§ WORK TO COMPLETE: Once the line with "Rare dialect Hetian" is found in the data, output it and each following line exactly, up to and including the line with "Blick auf einen", and nothing before or after.

§ DATA FOR THIS TASK:
= Beginning of Section =

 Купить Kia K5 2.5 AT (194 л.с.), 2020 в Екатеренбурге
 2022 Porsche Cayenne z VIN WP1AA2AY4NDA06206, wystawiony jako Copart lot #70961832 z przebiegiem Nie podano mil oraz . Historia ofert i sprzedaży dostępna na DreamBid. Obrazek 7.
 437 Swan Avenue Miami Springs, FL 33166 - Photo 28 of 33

= End of Section =
= Beginning of Section =

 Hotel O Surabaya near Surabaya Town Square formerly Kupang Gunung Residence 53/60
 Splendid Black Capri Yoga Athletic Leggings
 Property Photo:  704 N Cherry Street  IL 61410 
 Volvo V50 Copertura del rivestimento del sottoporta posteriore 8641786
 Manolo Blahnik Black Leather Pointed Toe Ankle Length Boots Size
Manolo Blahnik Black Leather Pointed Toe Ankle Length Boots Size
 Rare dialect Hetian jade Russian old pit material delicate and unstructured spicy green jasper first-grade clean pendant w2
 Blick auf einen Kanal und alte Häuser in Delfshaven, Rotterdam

= End of Section =
= Beginning of Section =

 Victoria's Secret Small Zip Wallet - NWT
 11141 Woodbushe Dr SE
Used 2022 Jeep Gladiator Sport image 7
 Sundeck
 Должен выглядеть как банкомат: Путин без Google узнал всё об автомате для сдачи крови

= End of Section =

§ WRITTEN SOLUTION:
 Rare dialect Hetian jade Russian old pit material delicate and unstructured spicy green jasper first-grade clean pendant w2
 Blick auf einen Kanal und alte Häuser in Delfshaven, Rotterdam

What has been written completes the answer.